Influencing legislation can seem like a daunting task, but hosting a lobby day at your state capitol or Washington, D.C., with a diverse group of advocates can amplify your message and have a significant impact all in just one day.
This article will cover:
- What a lobby day is,
- When to schedule a lobby day,
- Who you should bring,
- Materials needed, and
- Hosting a virtual lobby day.
What is a Lobby Day?
Lobby days are an opportunity to bring constituents to the state capitol to meet with their legislators face-to-face on behalf of the issues that you choose for them. Anyone involved in the industry can participate in a lobby day, bringing club operators, employees, or grasstops advocates to the meetings.
In a survey conducted by the Congressional Management Foundation, congressional staffers overwhelmingly agreed, “Direct constituent interactions have more influence on lawmakers’ decisions than other advocacy strategies.” Greater than 90% of staffers in the survey said an in-person visit from a constituent would have “some” or “a lot” of influence on an undecided legislator. Spending a day at your state house allows your organization to spread your message to many officials, often meeting with dozens of legislative offices in a day.
When Should You Schedule the Lobby Day?
Choosing when to schedule your lobby day is an important part of the planning process. The lobby day’s whole point is to secure meetings with as many legislators (or staffers) as possible, so you will want to plan your lobby day well in advance as elected officials’ calendars fill up quickly.

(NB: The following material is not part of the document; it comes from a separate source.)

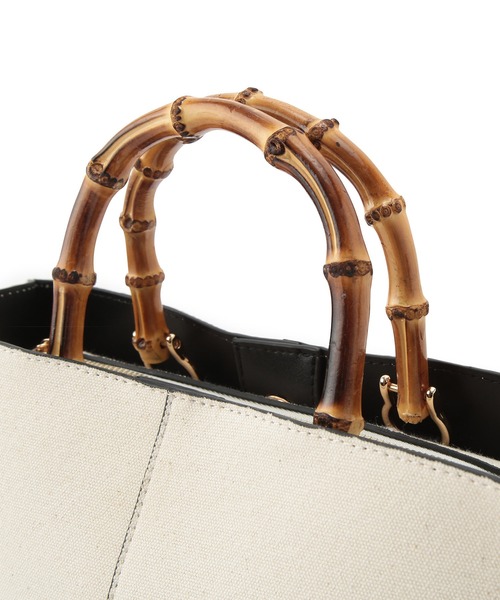 SALON adam et rope'(サロン アダム エ ロペ)の「バンブーハンドル2WAYショルダーバッグ(ハンドバッグ・レディース・ブラック/キナリ/ベージュ系その他・FREE)」の17枚目の写真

Your lobby day should also take into account the legislative calendar for your state. Not all states are in session throughout the year, and the legislature needs to be in session for your lobby day to have the most significant impact. Additionally, if you are lobbying on a particular bill or handful of bills, you should try to schedule the lobby day shortly before notable events in the bill’s life—such as hearings or floor votes.